They visit people’s homes, go grocery shopping with them, and see how they take their medication. They listen to people talk about their everyday lives, challenges, hopes and dreams. And they do so in countries across the world.

Novo Nordisk anthropologists Kirsten Lauritsen and Eva Tang Vangkilde have visited hundreds of people living with diabetes and obesity to better understand their daily lives. It is their job to find out whether our solutions, whether it be an insulin pen or a patient support program, meet actual patient needs - not needs we assume they have.

“People with chronic diseases lead very complex and difficult lives. On top of taking care of their jobs and families, they often face other challenges as well such as additional health-related issues. As a result, managing their chronic disease might not be a priority,” Kirsten explains.

“When designing devices such as insulin pens for people living with chronic diseases, we have to understand that providing state-of-the-art technical solutions will not necessarily make them follow their treatment plan. We have to make sure that the treatment is seamless and that they have the support they need.”

Eva (to the left) and Kirsten (in the middle) record parts of their conversations with people with chronic diseases to be able to analyse the data and share learnings with colleagues afterwards. Here, they visit Gordon who lives with obesity in the United States.

While we have a long history of working with patients to make sure our solutions meet their needs, anthropological research has proven to provide insights that are difficult, if not impossible, to capture otherwise.

“It’s not enough to simply ask people with chronic diseases why they don’t follow their treatment plan and what would help them do so, because very often human beings don’t know why they act the way they do,” Eva explains. “By spending time with and talking to people about their everyday lives and applying our data to an anthropological analysis, we are able to see beyond what they can put into words and we can explain their challenges in much deeper detail.”

As a result of their deep understanding of patients, Kirsten and Eva have been able to faithfully represent the patient perspective in multiple device design projects in Novo Nordisk.

“Design is about finding a solution to a problem, and that’s where we as anthropologists come in. We help our designers identify the right problem to solve, based on a profound understanding of the challenges people using our products are facing. Innovation starts with empathy,” Kirsten says.

And this point of view is invaluable, according to Peter Herskind, Director of Alternative Delivery Technology at Novo Nordisk, who has worked with Kirsten and Eva on development projects focused on smart insulin pens.

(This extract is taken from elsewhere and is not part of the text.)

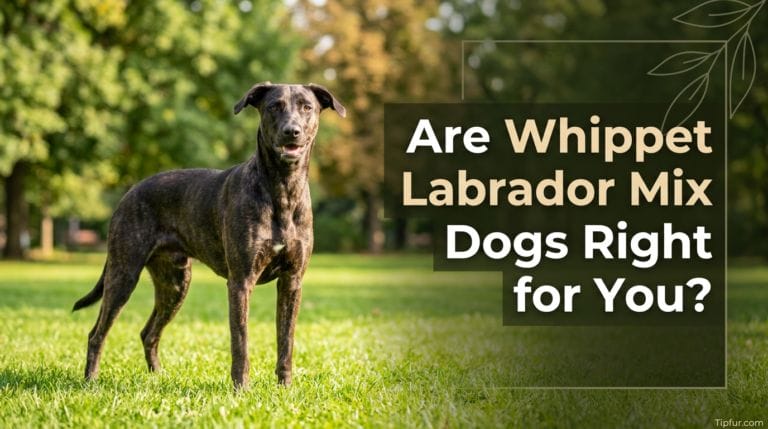 Are Whippet Labrador Mix Dogs Right for You? Here’s What Real Owners Say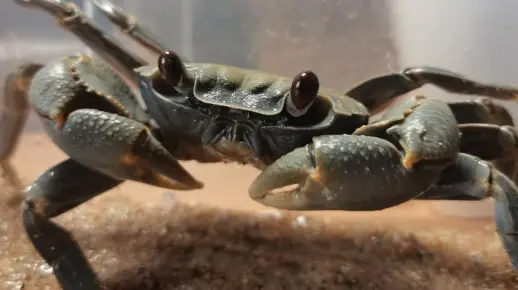 【五虫的新手饲养指南】陆方蟹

“In my opinion, one of Kirsten and Eva’s key contributions is that they have managed to shake scientists and engineers, like myself, out of the mindset that we must find a way to make use of all the cool new technological opportunities that emerge,” he says. “Thanks to their insights, we understand the people we are designing for much better and initiate design projects based on their needs, not a given technology.”

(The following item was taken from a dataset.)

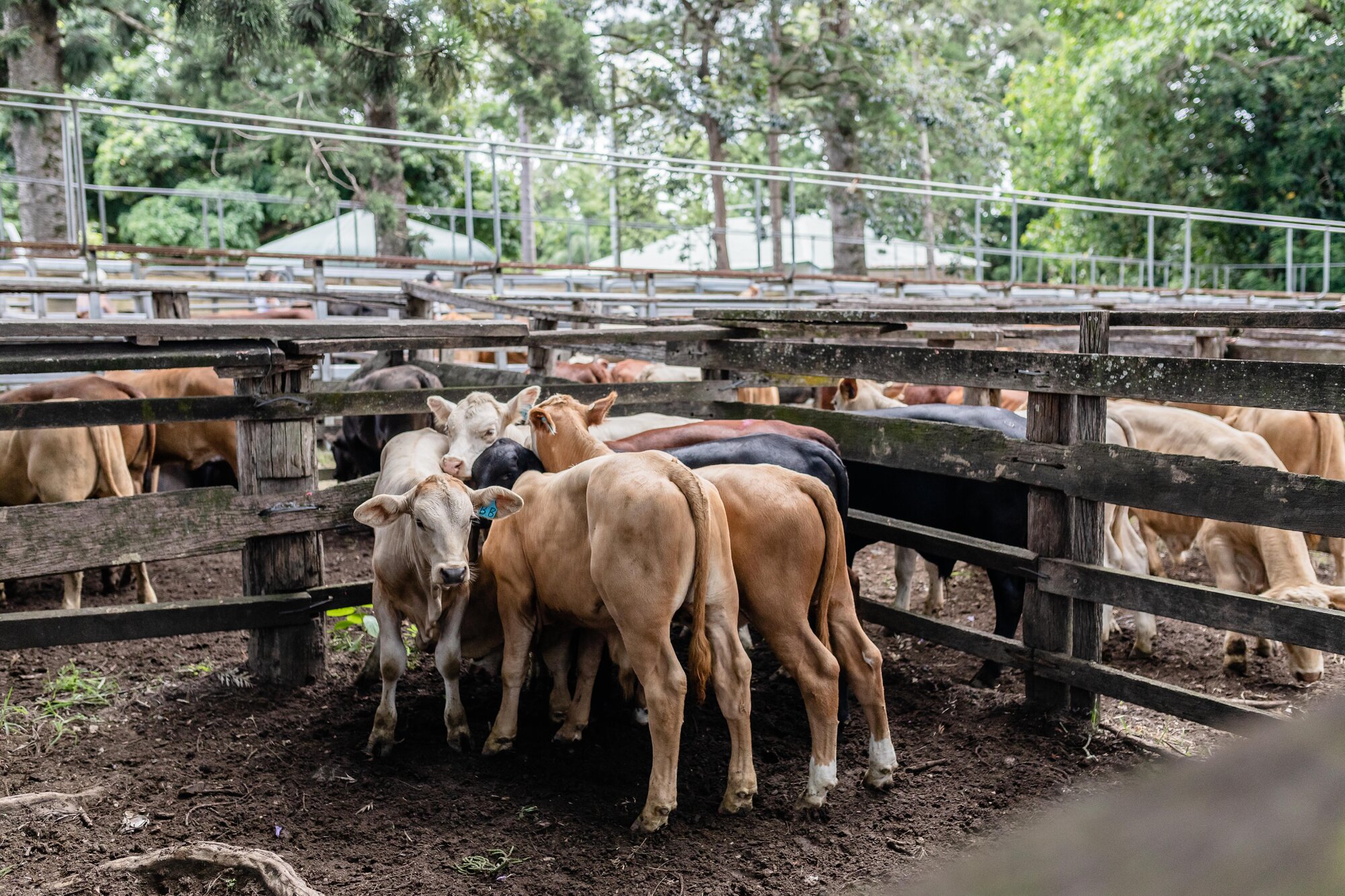 Woodford Saleyards - 129 Archer Street Woodford - cattle in stockyards awaiting sale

On one of their research trips to the United States, Kirsten (to the left) and Eva (to the right) spent a day with Greg to learn more about how he manages his type 2 diabetes.

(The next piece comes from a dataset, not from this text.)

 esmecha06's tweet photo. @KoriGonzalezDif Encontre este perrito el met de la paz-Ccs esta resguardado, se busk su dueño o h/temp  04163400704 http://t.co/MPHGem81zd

In addition to helping shape design processes, Kirsten and Eva’s findings have also come to influence strategic decisions at Novo Nordisk. Anders Dyhr Toft, Corporate Vice President of Commercial Innovation, credits the patient insights gained through anthropological research as playing a crucial role in guiding Novo Nordisk’s journey into digital health.

“Our anthropologists have done an amazing job in opening our eyes to the challenges people with chronic diseases face when trying to follow their treatment plan,” he says. “These insights have played a key role in our decisions to develop smart insulin pens as well as digital products that support people in managing their disease.”

While many Novo Nordisk employees have benefitted from Kirsten and Eva’s insights throughout the past nine years, the invitations to represent the patient perspective keep coming.

“It’s very easy to lose yourself in the design of the solution and forget who you are designing for,” Eva says. “We’re here to remind our colleagues that designing the perfect solution from a technical point of view is not enough – the product needs to fit into the everyday lives and make sense, not to us, but to the people who need it.”